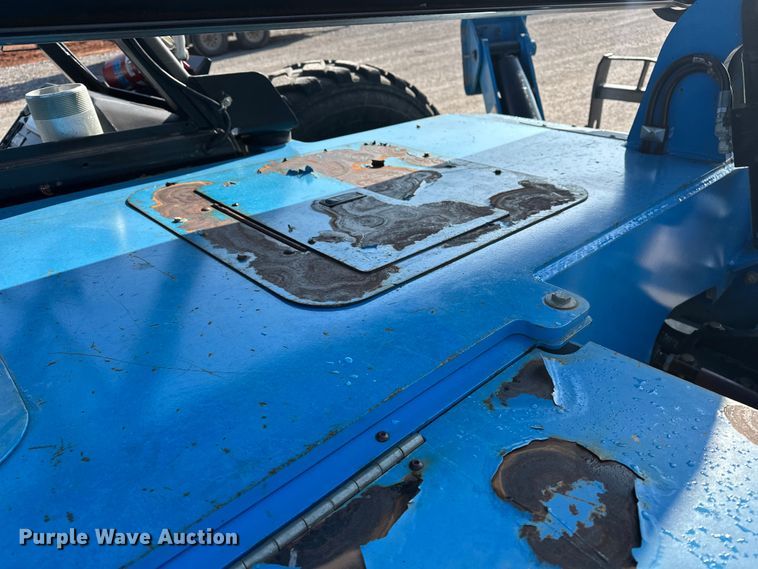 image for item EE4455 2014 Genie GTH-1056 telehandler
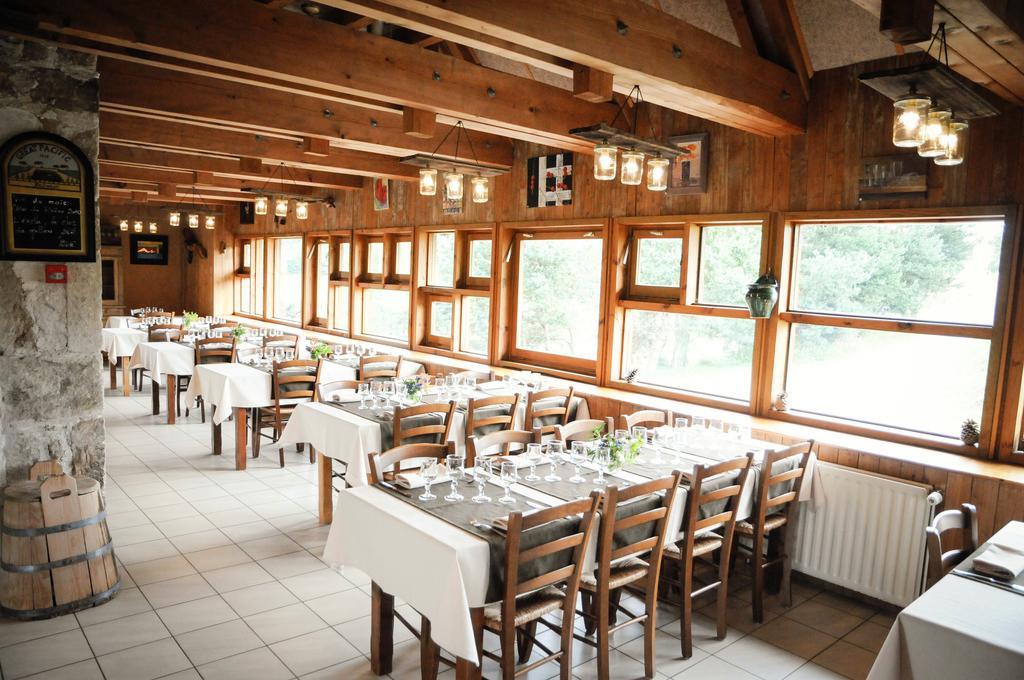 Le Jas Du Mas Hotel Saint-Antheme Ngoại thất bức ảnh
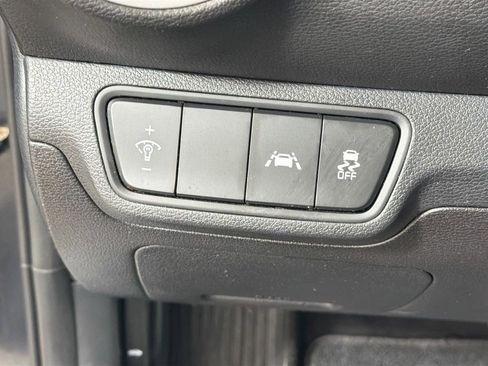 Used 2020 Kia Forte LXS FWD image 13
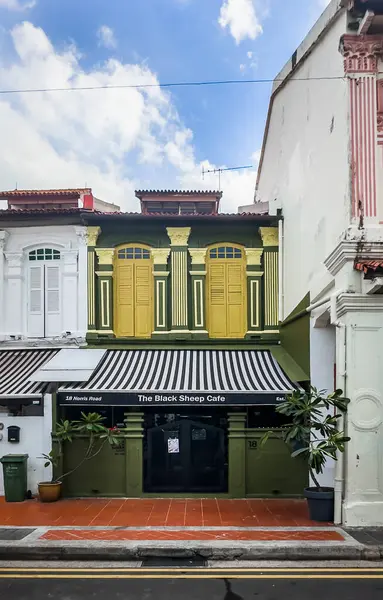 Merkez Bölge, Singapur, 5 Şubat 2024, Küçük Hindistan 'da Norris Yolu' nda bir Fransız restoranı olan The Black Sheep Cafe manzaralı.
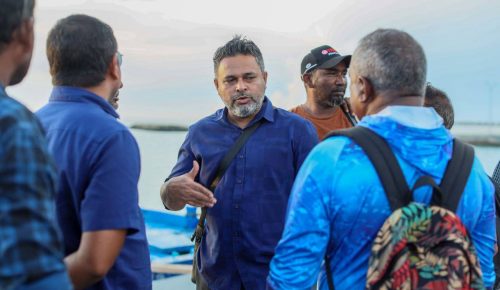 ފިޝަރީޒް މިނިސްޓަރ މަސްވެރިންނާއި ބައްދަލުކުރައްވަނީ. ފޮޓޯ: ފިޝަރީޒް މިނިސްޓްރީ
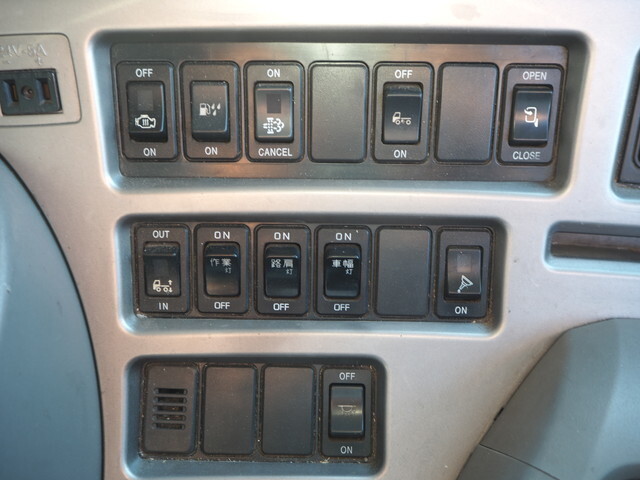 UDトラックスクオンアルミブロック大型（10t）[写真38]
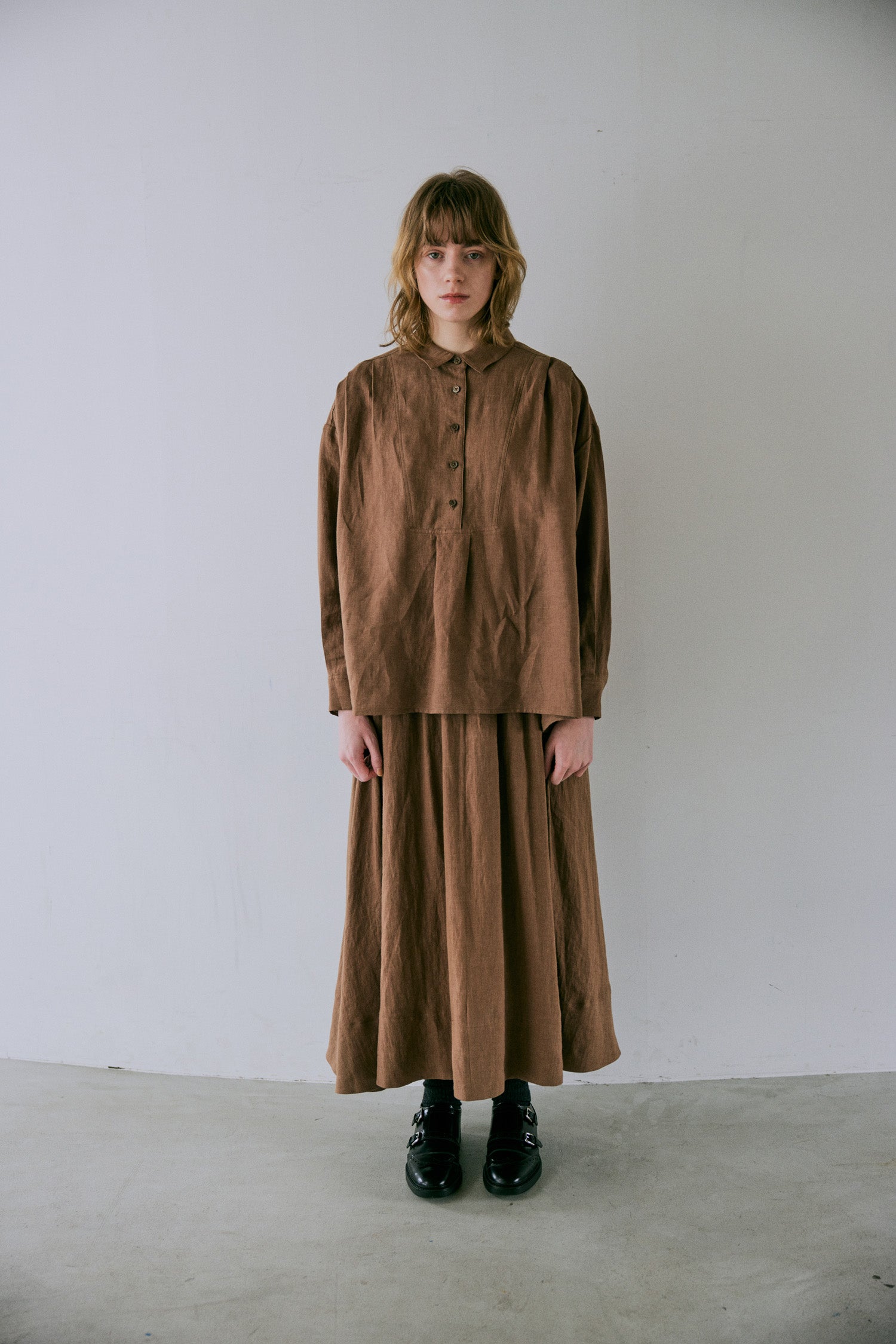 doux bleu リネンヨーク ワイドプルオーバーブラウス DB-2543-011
★ ★ ★
= WORK TASK =
Word for word, restate only the lines from the one bearing "ފިޝަރީޒް މިނިސްޓަރ މަސްވެރިންނާއި" through the final line of the listing, inclusive, with no pictures.

= WRITTEN SOLUTION =
 ފިޝަރީޒް މިނިސްޓަރ މަސްވެރިންނާއި ބައްދަލުކުރައްވަނީ. ފޮޓޯ: ފިޝަރީޒް މިނިސްޓްރީ
 UDトラックスクオンアルミブロック大型（10t）[写真38]
 doux bleu リネンヨーク ワイドプルオーバーブラウス DB-2543-011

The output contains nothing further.